Provides redundancy when it can withstand failure of individual or multiple components
Examples include hard disks, servers, or network connectivity failures
Production systems typically have defined uptime requirements

Backup

Critical to protecting data and ensuring business continuity
Essential challenge: data generation pace grows exponentially while local disk density and durability growth rates lag behind
Must keep critical data backed up in case of disaster

Disaster Recovery

Preparing for and recovering from any event with negative impact on business continuity or finances
Disasters include hardware/software failure, network outages, power outages, physical building damage
Can be caused by human error or other significant events
Set of policies and procedures for recovering vital technology infrastructure and systems

Factors Influencing Disaster Planning Strategies

Four key factors businesses must consider:

Time Dependency

How quickly does this need to be remedied to avoid business impact?

Data Loss

What amount and type of data is acceptable to lose?

Geographic Location

Does this impact multiple AWS Regions?
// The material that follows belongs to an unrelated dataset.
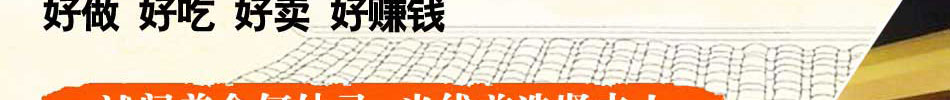 賢夫人米線快速賺錢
Do different Regions require different recovery measurements?

Cost

Does the cost represent the correct level considering business impact and risk?

Customers work with cloud architects to define acceptable data loss in disaster recovery scenarios. Consider whether losing older customer records would be catastrophic or tolerable based on their current revenue contribution.

Recovery Point Objective (RPO)

RPO Definition

RPO is the maximum acceptable amount of data loss after an unplanned data-loss incident, expressed as an amount of time.

Example RPO Calculation

Determine acceptable loss: maximum 800 records
Calculate existing patterns: no more than 100 records created per hour
Calculate RPO: 8 hours (8 × 100 records)
Result: If disaster occurs at 10 p.m., system should recover all data from before 2 p.m.

Recovery Time Objective (RTO)

RTO Definition

RTO is the maximum acceptable amount of time after a disaster strikes that a business process can remain out of commission.

Companies decide on acceptable RPO and RTO based on financial impact when systems are unavailable, considering:

Loss of business due to downtime
Damage to reputation from lack of system availability

Example RTO Calculation

Ticketing service for local music venue
Business calculates revenue loss begins after 2 hours of outage
Calculate RTO: 2 hours acceptable
Result: If disaster occurs at 9 p.m., system should be restored by 11 p.m.

Business Continuity Plan (BCP)

A BCP is a system of prevention and recovery from potential threats to a company, consisting of:

Business impact analysis
Risk assessment
Disaster recovery plan
Evaluated and determined RPO and RTO

Your disaster recovery plan should be a subset of your organization’s BCP. Maintaining aggressive disaster recovery targets is pointless if workload objectives cannot be achieved due to disaster impact on external business elements.

Key Takeaways

Failures can occur at any time on small, large, or global scale
A disaster recovery plan helps limit business and customer impact when disasters occur
RPO is the maximum acceptable amount of data loss after an unplanned data-loss incident
RTO is the amount of time an application, system, and process can be down without causing significant business damage
A BCP is a system of prevention and recovery from potential threats that includes RPO and RTO

Disaster planning strategies provide the foundation for understanding how organizations can prepare for and respond to various types of failures. The key is balancing recovery objectives with cost considerations while ensuring business continuity.